• How to complete this task
Your response should reproduce every line of the entries that contains the word "Green".

• Records for processing
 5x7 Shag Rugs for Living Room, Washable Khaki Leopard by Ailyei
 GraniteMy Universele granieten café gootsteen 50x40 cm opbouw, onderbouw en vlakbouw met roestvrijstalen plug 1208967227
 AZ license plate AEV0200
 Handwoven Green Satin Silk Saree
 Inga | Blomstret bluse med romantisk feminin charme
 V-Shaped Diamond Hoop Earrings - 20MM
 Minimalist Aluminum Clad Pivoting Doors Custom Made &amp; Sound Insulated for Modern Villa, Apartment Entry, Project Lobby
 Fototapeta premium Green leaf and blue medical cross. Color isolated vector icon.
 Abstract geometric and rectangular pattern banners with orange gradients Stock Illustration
* * *
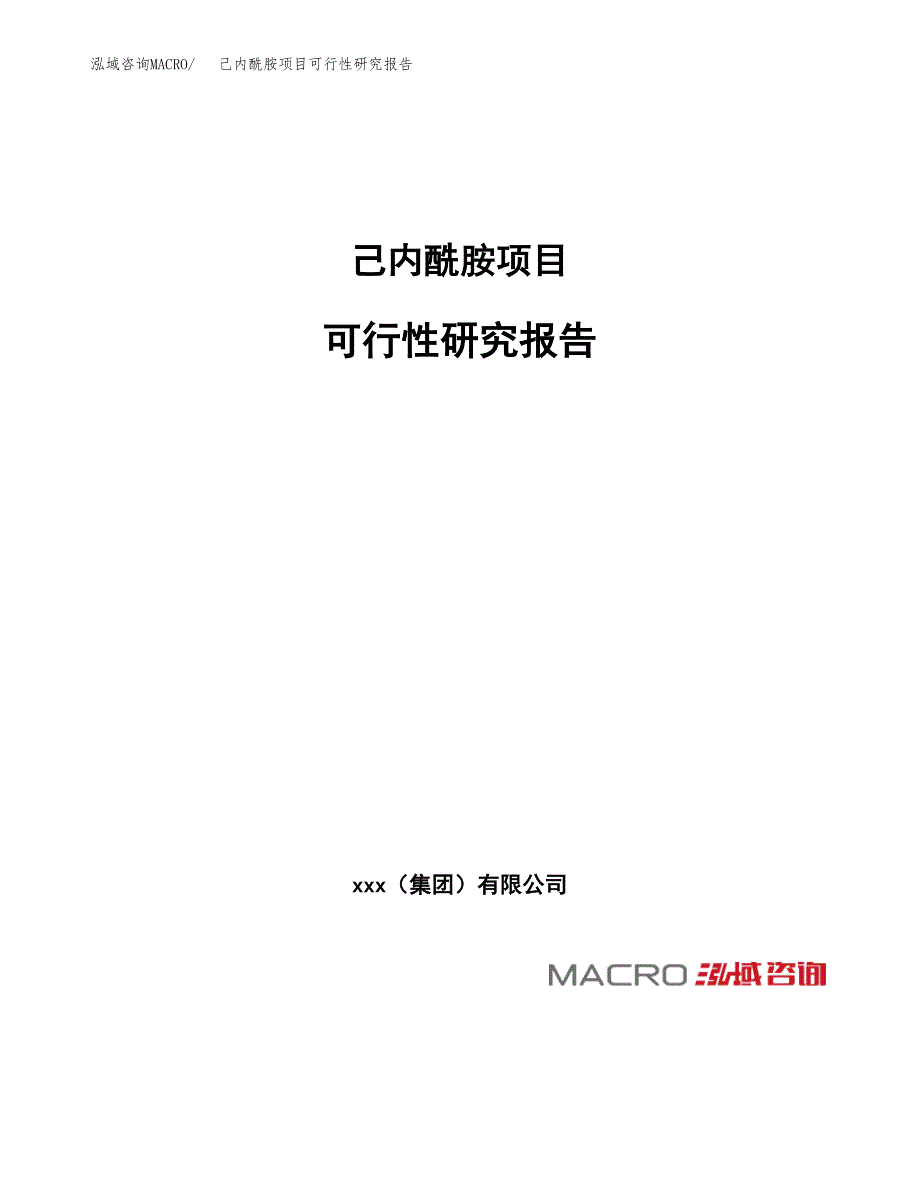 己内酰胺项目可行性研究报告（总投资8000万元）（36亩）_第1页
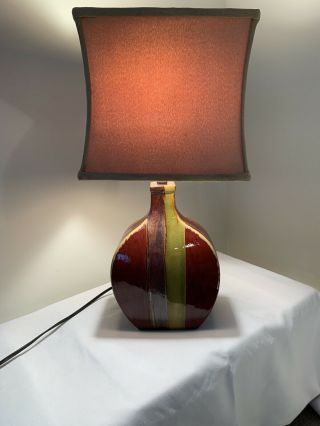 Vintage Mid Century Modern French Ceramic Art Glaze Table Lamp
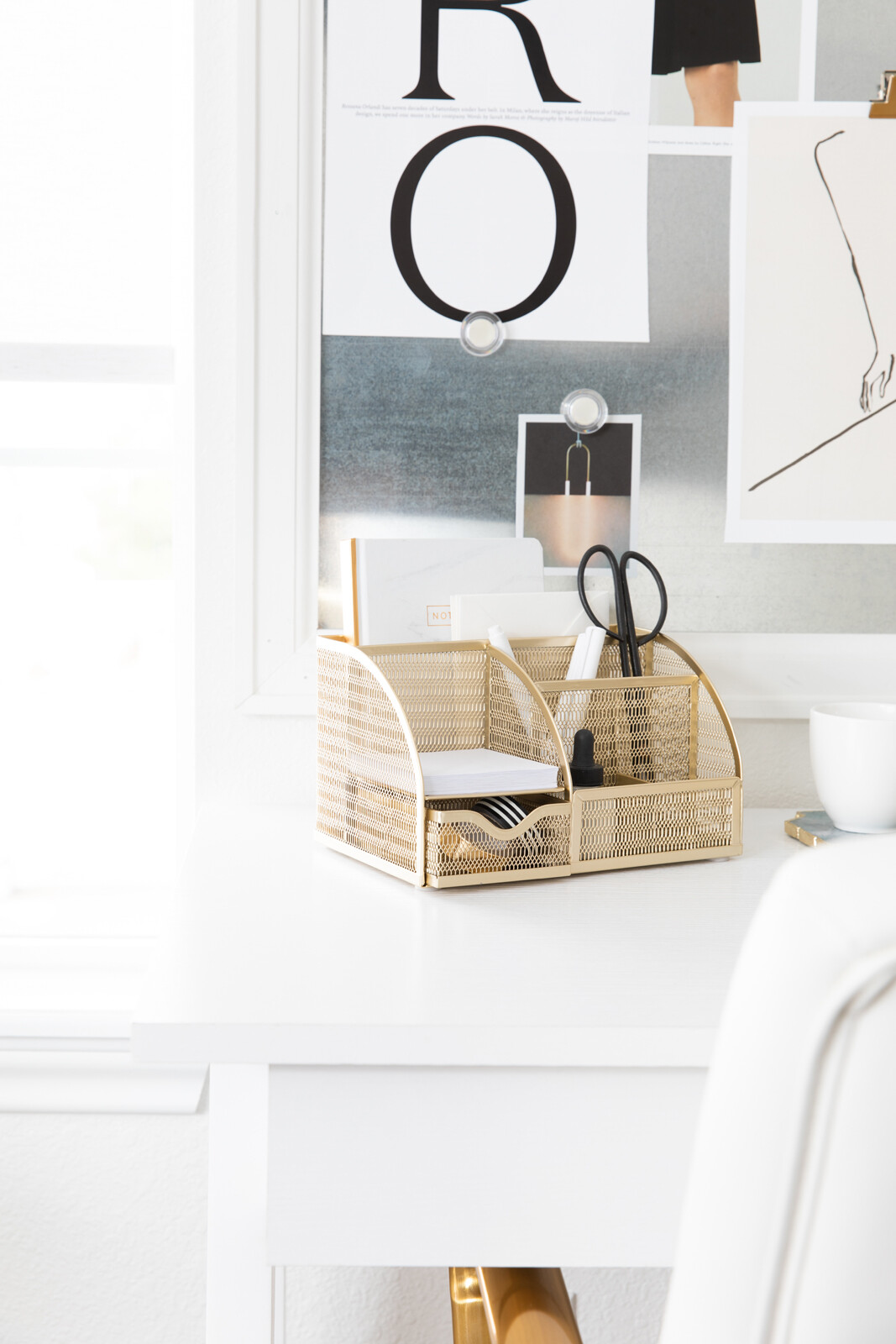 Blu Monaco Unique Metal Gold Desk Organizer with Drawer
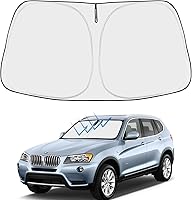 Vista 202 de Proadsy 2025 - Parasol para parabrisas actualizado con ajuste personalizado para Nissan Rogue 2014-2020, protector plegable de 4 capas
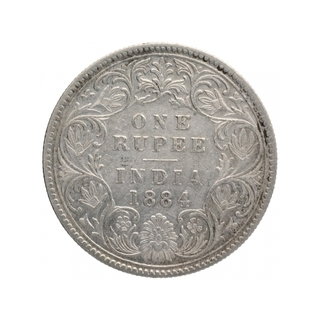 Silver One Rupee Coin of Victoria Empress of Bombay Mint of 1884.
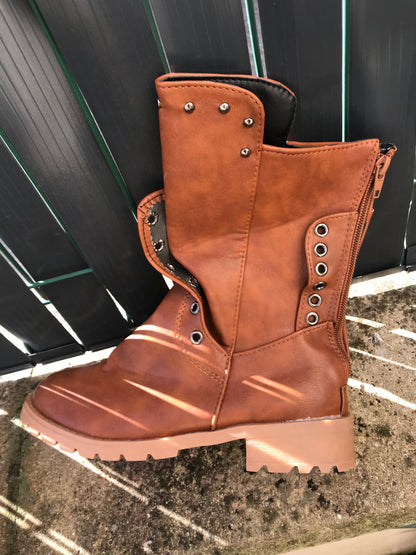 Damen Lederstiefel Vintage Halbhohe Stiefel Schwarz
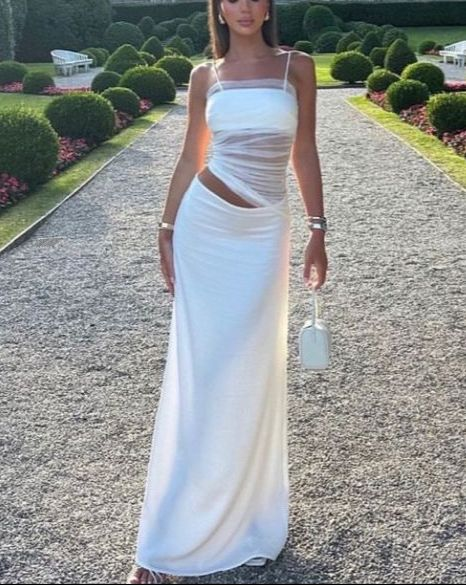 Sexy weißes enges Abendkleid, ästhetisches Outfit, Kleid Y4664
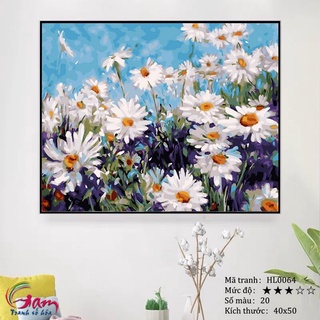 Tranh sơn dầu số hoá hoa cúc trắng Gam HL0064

• Problem solution
 Handwoven Green Satin Silk Saree
 Fototapeta premium Green leaf and blue medical cross. Color isolated vector icon.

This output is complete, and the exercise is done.